DATA SEGMENT:

▼

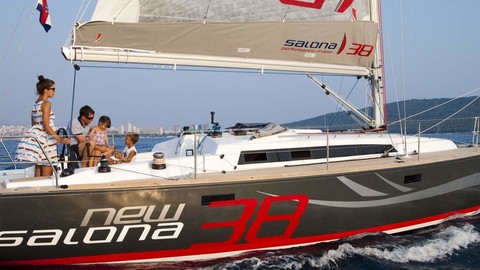 Salona 38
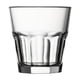thumbnail image 1 of SET 3 VASOS WHISKY MOD. CASABLANCA 355 cc., 1 of 3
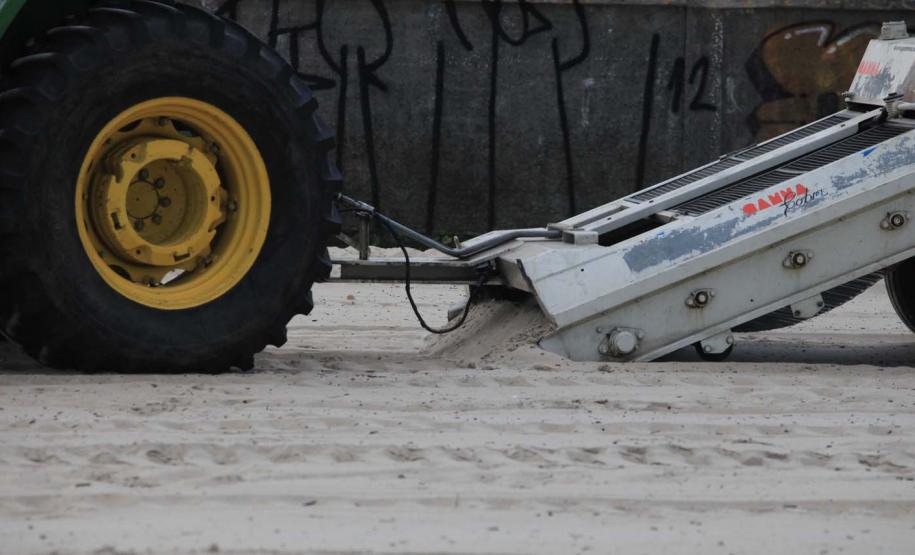 Operação Verão 2013 -2 Operação Verão 2013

▲

WORK TASK: Strip out the pictures and reproduce the remaining material above exactly.

SOLUTION:
 Salona 38
thumbnail image 1 of SET 3 VASOS WHISKY MOD. CASABLANCA 355 cc., 1 of 3
 Operação Verão 2013 -2 Operação Verão 2013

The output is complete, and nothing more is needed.